DATA TO USE section start

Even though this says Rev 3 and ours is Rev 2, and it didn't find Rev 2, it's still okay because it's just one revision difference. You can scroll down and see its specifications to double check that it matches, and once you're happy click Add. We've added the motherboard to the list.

DATA TO USE section end
DATA TO USE section start

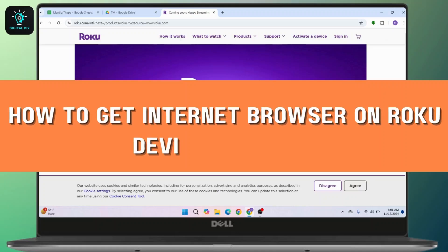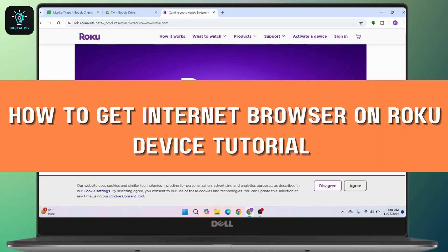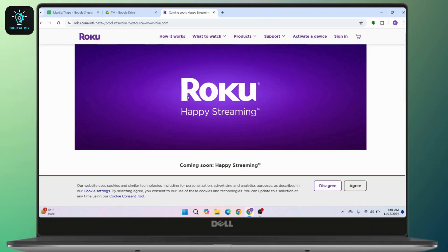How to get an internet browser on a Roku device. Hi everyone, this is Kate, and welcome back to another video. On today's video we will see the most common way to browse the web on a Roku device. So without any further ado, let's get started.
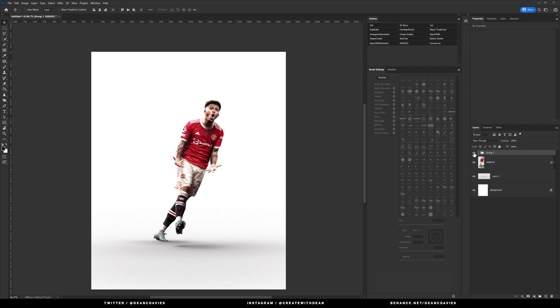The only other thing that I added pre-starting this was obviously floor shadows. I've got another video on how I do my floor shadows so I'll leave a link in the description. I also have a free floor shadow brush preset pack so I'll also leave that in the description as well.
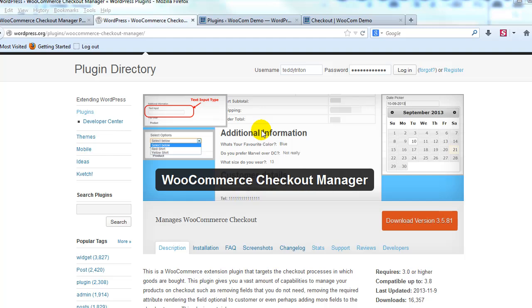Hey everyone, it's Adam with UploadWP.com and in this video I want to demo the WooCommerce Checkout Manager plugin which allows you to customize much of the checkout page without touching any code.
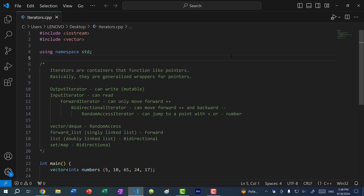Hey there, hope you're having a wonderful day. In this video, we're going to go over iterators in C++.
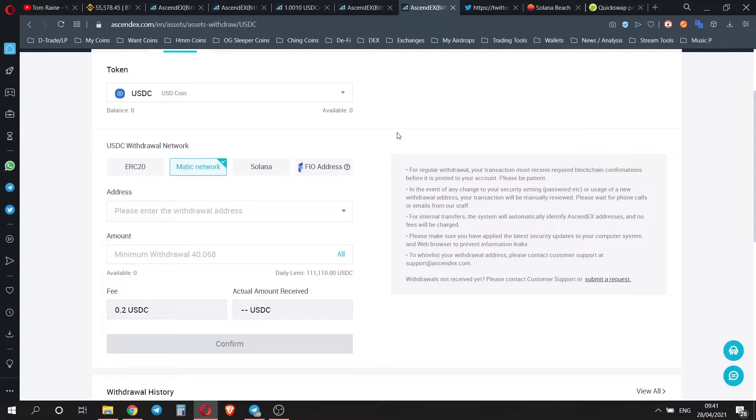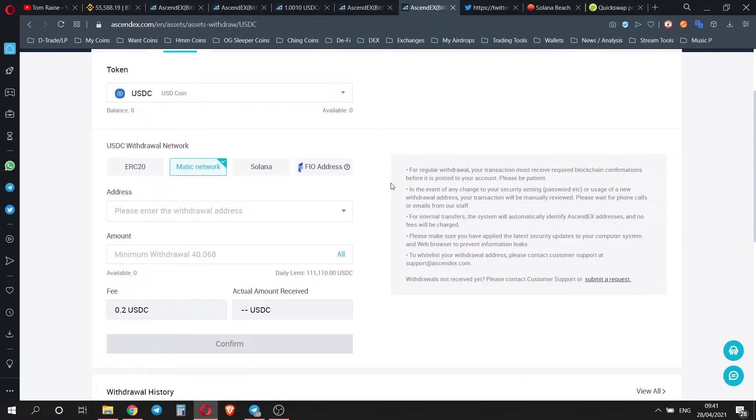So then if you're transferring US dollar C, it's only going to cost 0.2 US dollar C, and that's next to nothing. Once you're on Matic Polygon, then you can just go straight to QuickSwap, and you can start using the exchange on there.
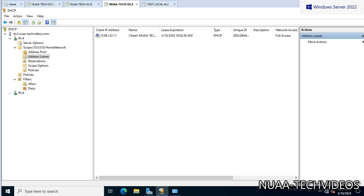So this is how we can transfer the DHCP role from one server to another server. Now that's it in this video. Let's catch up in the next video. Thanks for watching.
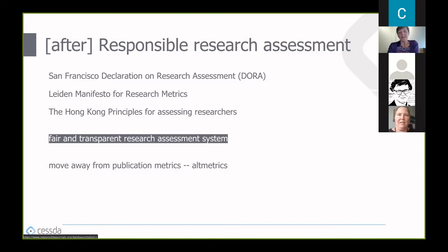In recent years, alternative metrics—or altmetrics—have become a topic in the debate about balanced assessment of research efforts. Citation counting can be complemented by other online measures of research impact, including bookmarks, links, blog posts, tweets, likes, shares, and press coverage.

DATA TO USE section end
DATA TO USE section start

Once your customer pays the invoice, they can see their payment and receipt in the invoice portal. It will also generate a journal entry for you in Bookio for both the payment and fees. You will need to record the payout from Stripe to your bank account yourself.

DATA TO USE section end

WORK ITEM: The copy should hold exactly the lines above from the one with "The only other" through the one with "So this is how", both ends counted, and no pictures at all.

ANSWER TO THIS PROBLEM:
The only other thing that I added pre-starting this was obviously floor shadows. I've got another video on how I do my floor shadows so I'll leave a link in the description. I also have a free floor shadow brush preset pack so I'll also leave that in the description as well.
Hey everyone, it's Adam with UploadWP.com and in this video I want to demo the WooCommerce Checkout Manager plugin which allows you to customize much of the checkout page without touching any code.
Hey there, hope you're having a wonderful day. In this video, we're going to go over iterators in C++.
So then if you're transferring US dollar C, it's only going to cost 0.2 US dollar C, and that's next to nothing. Once you're on Matic Polygon, then you can just go straight to QuickSwap, and you can start using the exchange on there.
So this is how we can transfer the DHCP role from one server to another server. Now that's it in this video. Let's catch up in the next video. Thanks for watching.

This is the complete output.